## Working data
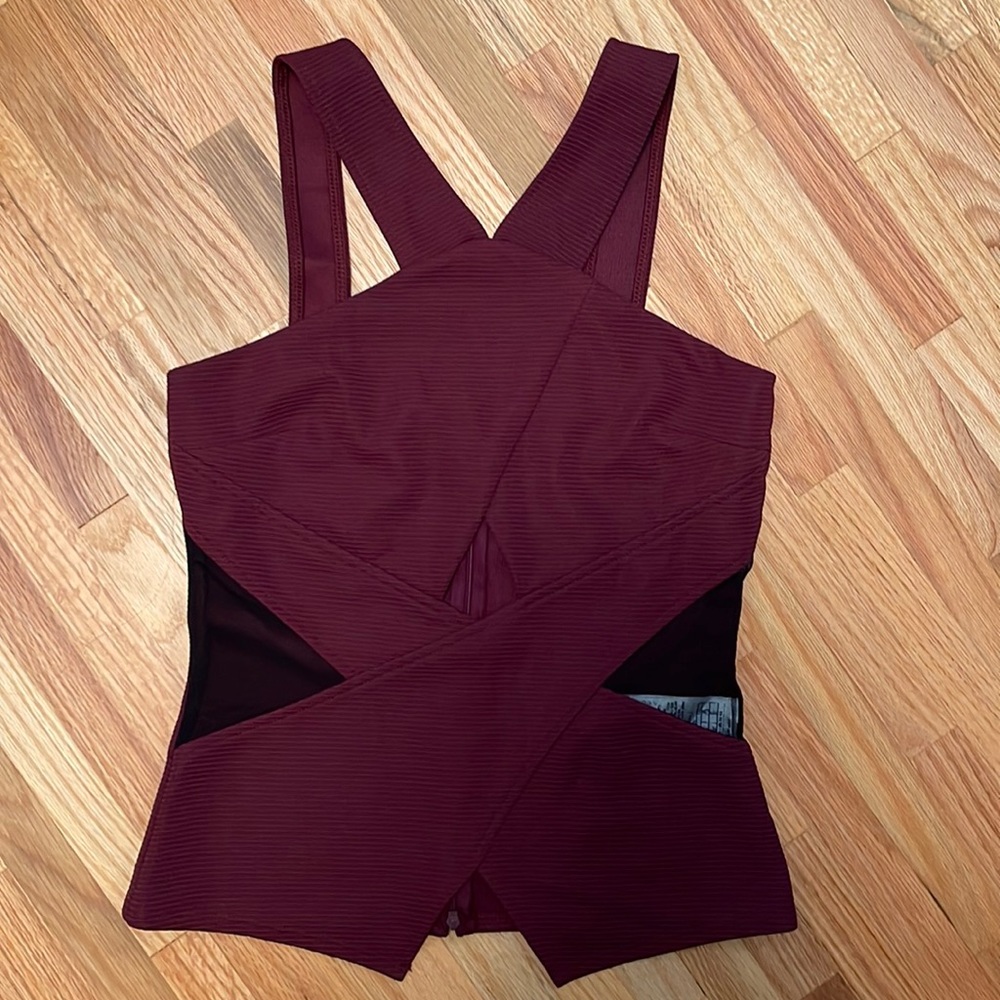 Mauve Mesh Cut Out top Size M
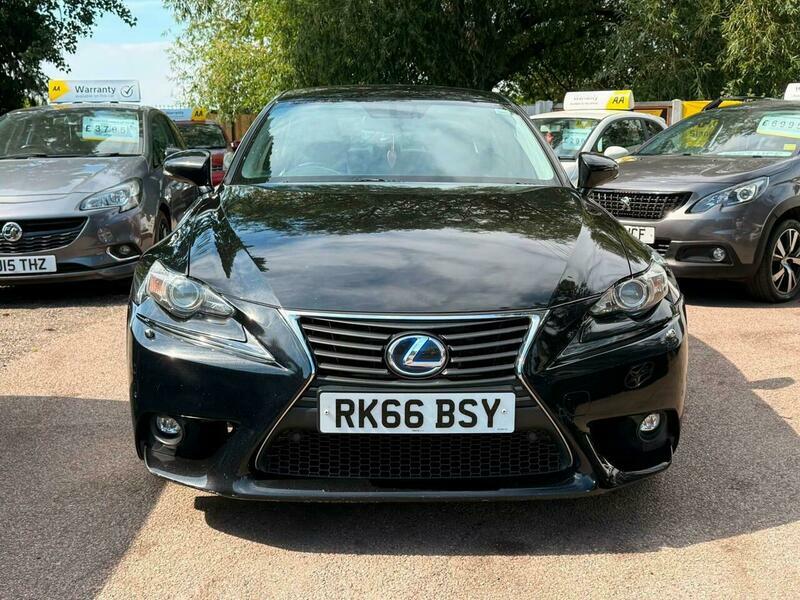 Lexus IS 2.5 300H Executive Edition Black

---

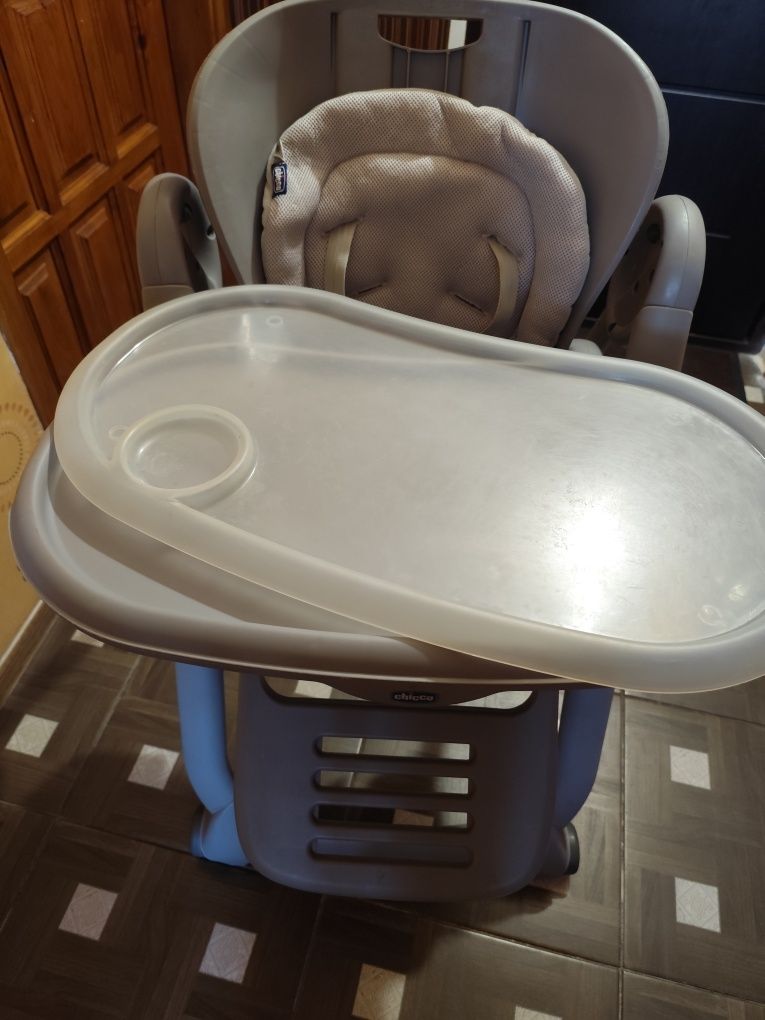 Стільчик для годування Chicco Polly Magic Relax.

## Exercise goal
Only one part of the listing is wanted: the lines from the one containing "Mauve Mesh Cut Out top Size M" through the one containing "Lexus IS 2.5 300H Executive Edition Black", both included. Please transcribe it exactly, leaving out the pictures.

## Solution to this problem
 Mauve Mesh Cut Out top Size M
 Lexus IS 2.5 300H Executive Edition Black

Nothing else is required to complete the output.